Type of challenge	Example of challenge	Description of challenge
Methodological	Selecting the appropriate evaluative framework	Is the standard extra-welfarist view and use of CEA appropriate, or should the distinct theoretical approach reflecting the welfarist view and use of CBA be adopted to allow consequences other than health gain, such as the value of diagnostic information from the genomic-targeted diagnostic test, to be valued?
	Relevant study perspective	Is the standard recommendation to focus on the use of health-care services appropriate when the genomic-targeted diagnostic test may provide information that affects the use of other services, such as education or employment?
	Relevant time horizon	Is a lifetime sufficient when the impact of a genomic-targeted diagnostic test may extend to infinite time horizons that are not limited by the lifespan of one individual?
	Defining the relevant study population	Is the standard definition of a patient (the person receiving the technology) appropriate when there could be spillover effects to family members (currently alive or to be born) as a result of information from a genomic-targeted diagnostic test?
	Valuing consequences	Is identifying and measuring the impact on health status alone sufficient to capture the (good and bad) consequences of a genomic-targeted diagnostic test?
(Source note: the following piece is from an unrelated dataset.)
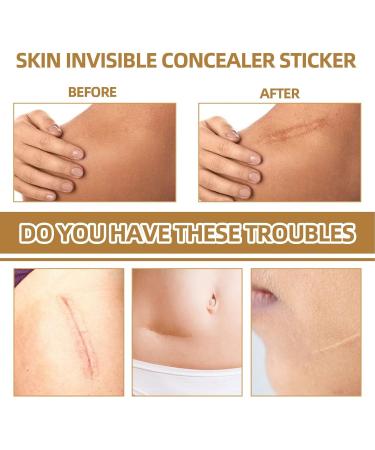 TatttooCover Up Sticker Skin Scar Pimple Sticker Skin Concealing Patches 60 Soft Breathable Latex TatttooCover Up Stickers for Scars and Taattoos Waterproof Skin Tone Inv - Buy Online on GoSupps.com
Technical	Variation in the individual characteristics of the relevant study population	The use of cohort state transition Markov models, sometimes combined with decision trees, cannot easily capture the impact of individual patient variation within a population with different genotypes and phenotypes
	Number of diagnostic and, if appropriate, subsequent treatment pathways	The use of cohort state transition Markov models, sometimes combined with decision trees, cannot easily account for multiple comparators often needed when evaluating a new genomic-targeted diagnostic test
	Capturing impact of reduced time to diagnosis	The use of cohort state transition Markov models, sometimes combined with decision trees, cannot account for the impact of reduced time to achieve a diagnosis, which is often a proposed benefit of a genomic-targeted diagnostic test
	Capturing impact of capacity constraints	Decision analytic model-based CEA currently assumes limitless capacity within health-care systems, which is often not a reasonable assumption when introducing a genomic-targeted diagnostic test to populations for whom a diagnosis was not previously available
Practical	Availability of data	There is often a lack of data available to populate decision analytic model-based CEA
	National tariff of test cost	No national tariff for genomic-targeted tests exist
Organizational	Complex health-care systems	Decision analytic model-based CEA assumes that money saved and benefits accrued are transferable, but this is often challenging in complex health-care systems that comprise an overarching funding mechanism (public, private, insurance), a service and staffing model for providing care for different sectors (community, general practice, hospital, specialist) and a means of allocating funding to these different sectors
	Generalizability of results	Decision analytic model-based CEA is relevant only to the defined decision problem, and decision-makers who want to use the results must decide whether the focus of the analysis is relevant to their own jurisdiction
	Expensive nature of health technology assessment	Decision analytic model-based CEA conducted within national health technology assessment processes requires considerable funding and expertise that are not available to all, which may contribute to the inequity in access to new genomic-targeted diagnostic tests across the world

1. CBA, cost-benefits analysis; CEA, cost-effectiveness analysis.